Excel 2004 scripting

Hi All,

I know how to write script for quark. But I am new to Excel 2004 applescripting.

I have the following task with me.

I have an excel sheet that contains 3 columns.
First column (A) contains hierarchy level number.
Second column (B) contains xml tag.
Third column (C) contains quark stylesheet names.

For examples:
A B C
0 chapter
CHAP_NUM
1 title CHAP_TTL
1 section[@role=‘fm’]
2 objectiveset
3 supertitle CF_OBJSET_SUPTTL
3 para
CF_OBJSET
3 objective
CF_OBJ

If I select the C-column cell containing “CF_OBJ”, it should go through the hierarchy levels (say 3-2-1-0) and I should get the answer as
“chapter\ section[@role=‘fm’]\objectiveset\objective”.

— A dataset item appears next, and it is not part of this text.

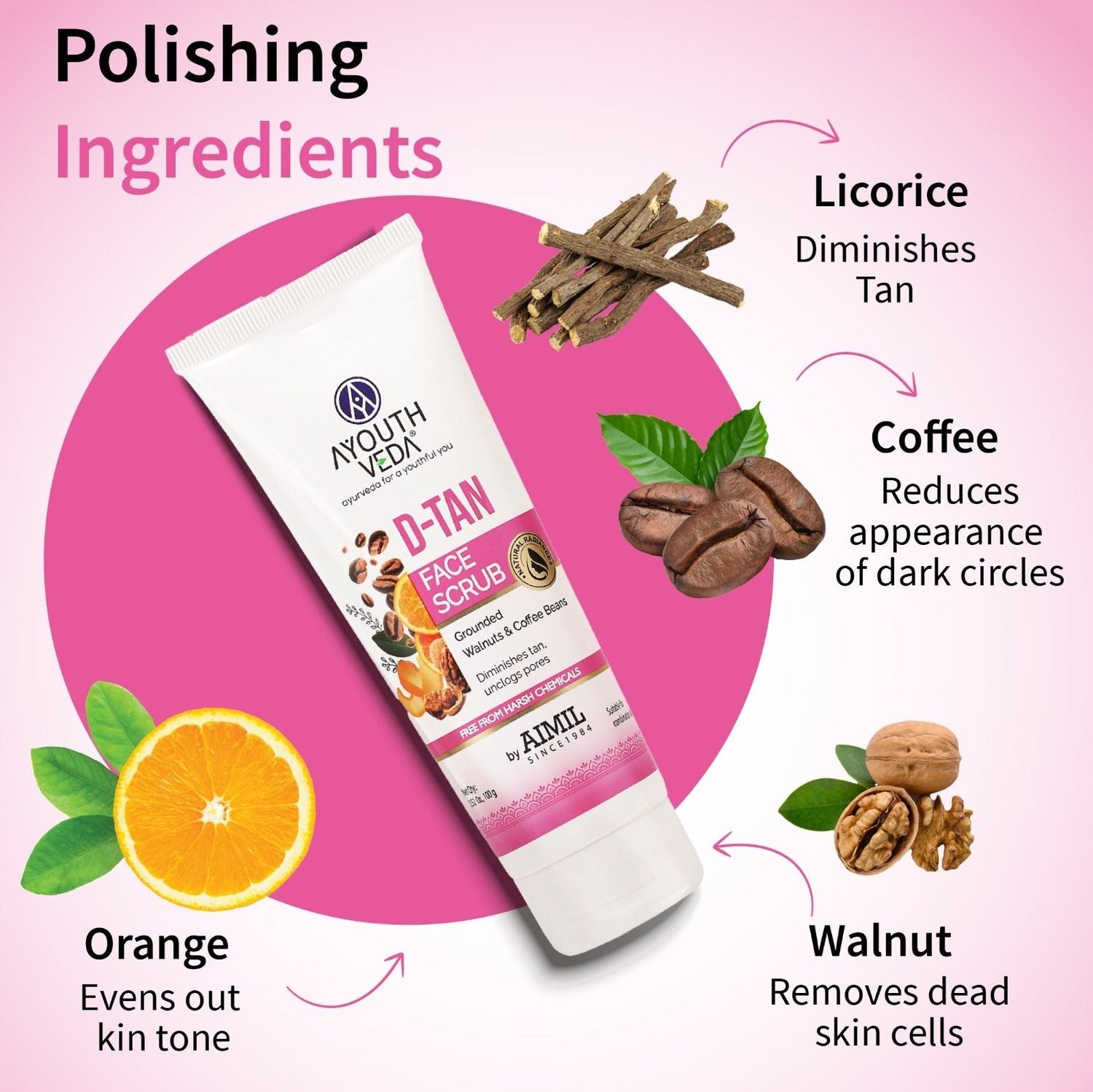 D-Tan Scrub for Tan Removal, Glowing Skin & Deep Exfoliation | With Papaya, Lemon, Almond & Walnut | Removes Dead Skin Cells, Improves Texture | For All Skin Types | 100g 100g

I don’t know whether it is possible with applescript. Please help me.

Thanks,
Krishnan

The first question is how do you know what is before your selected item in the hierarchy? In your example you select an item in column C, CF_OBJ, and get the text from column C for the last item in your list. Then you need to fill in the items before it based off of the number in column A. For the third item it is fairly easy because there is only one level 2 in your table, so it is objectiveset from column B. Now to get the second item how are you distinguishing between the two item 1’s (section[@role=‘fm’] and title) listed in your table? If there is no clear way to determine this from the data then I don’t know if you can do what you want.

That said the a start to your task is:

tell application "Microsoft Excel"
	set CurrentRow to first row index of selection
	set currentColum to first column index of selection
	set MyCounter to value of range ("A" & CurrentRow)
	set MyHierarchy to {value of range ("B" & CurrentRow)}
end tell
return MyHierarchy

This will get the row value of the selection and copy the level to MyCounter, so you can track how many levels to add before the selected level in the hierarchy, and then the name of the xml tag to MyHierarchy. You should be able to repeat through the Excel document to fill in the xml tags once you have a way of distinguishing the ones that you need in the particular level of your hierarchy.